> _WHAT TO WORK ON_
Word for word, reproduce each line of the data below, omitting every image.

--*--

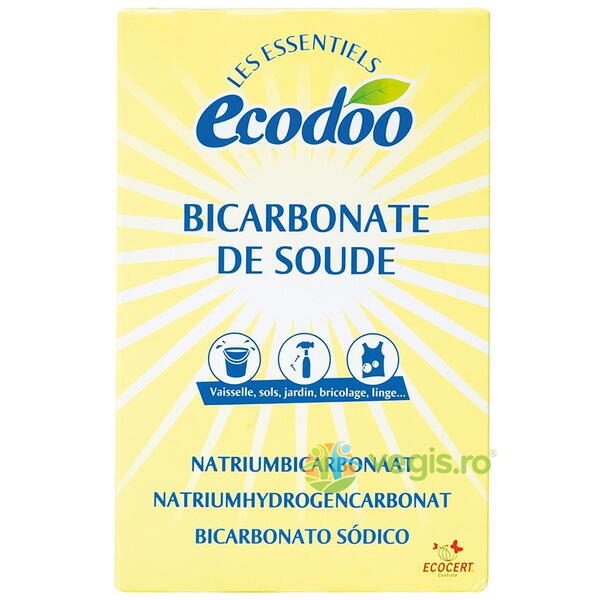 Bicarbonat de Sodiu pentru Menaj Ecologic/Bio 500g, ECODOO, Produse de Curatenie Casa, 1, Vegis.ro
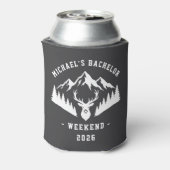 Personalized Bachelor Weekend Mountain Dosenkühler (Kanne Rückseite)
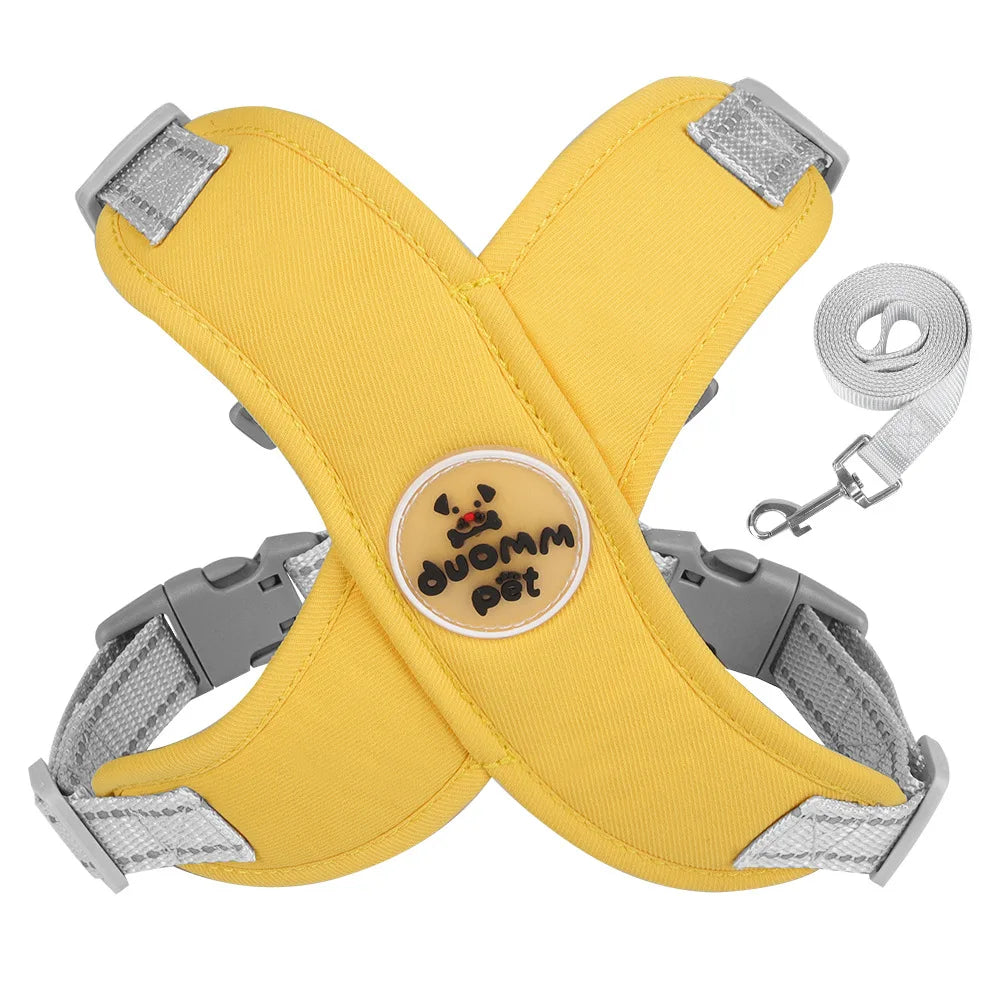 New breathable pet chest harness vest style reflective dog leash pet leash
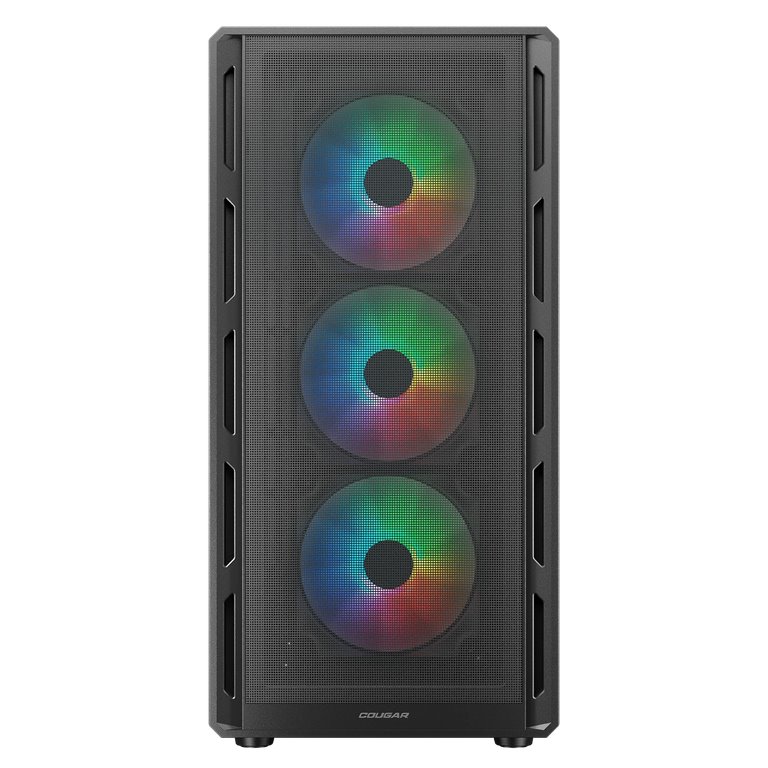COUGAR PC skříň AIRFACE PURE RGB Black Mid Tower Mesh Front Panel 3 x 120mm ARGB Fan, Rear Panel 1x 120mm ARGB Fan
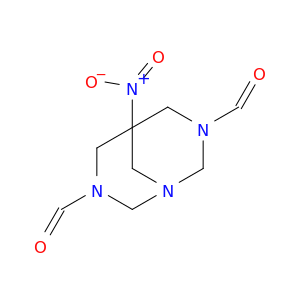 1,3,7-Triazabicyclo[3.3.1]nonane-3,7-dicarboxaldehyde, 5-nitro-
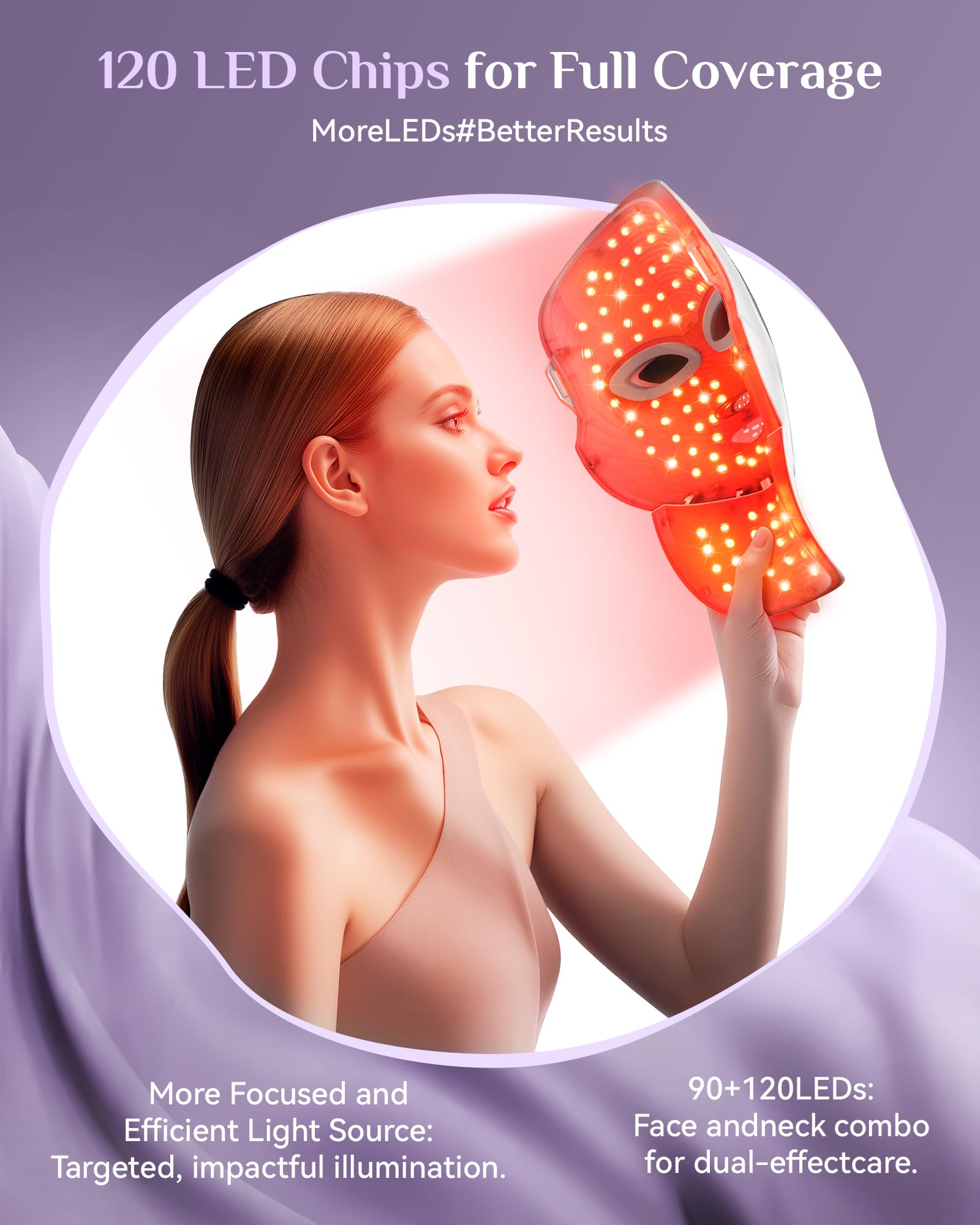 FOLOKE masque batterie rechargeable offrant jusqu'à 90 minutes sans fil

--*--

> _OUTPUT OF THE EXERCISE_
 Bicarbonat de Sodiu pentru Menaj Ecologic/Bio 500g, ECODOO, Produse de Curatenie Casa, 1, Vegis.ro
 Personalized Bachelor Weekend Mountain Dosenkühler (Kanne Rückseite)
 New breathable pet chest harness vest style reflective dog leash pet leash
COUGAR PC skříň AIRFACE PURE RGB Black Mid Tower Mesh Front Panel 3 x 120mm ARGB Fan, Rear Panel 1x 120mm ARGB Fan
 1,3,7-Triazabicyclo[3.3.1]nonane-3,7-dicarboxaldehyde, 5-nitro-
 FOLOKE masque batterie rechargeable offrant jusqu'à 90 minutes sans fil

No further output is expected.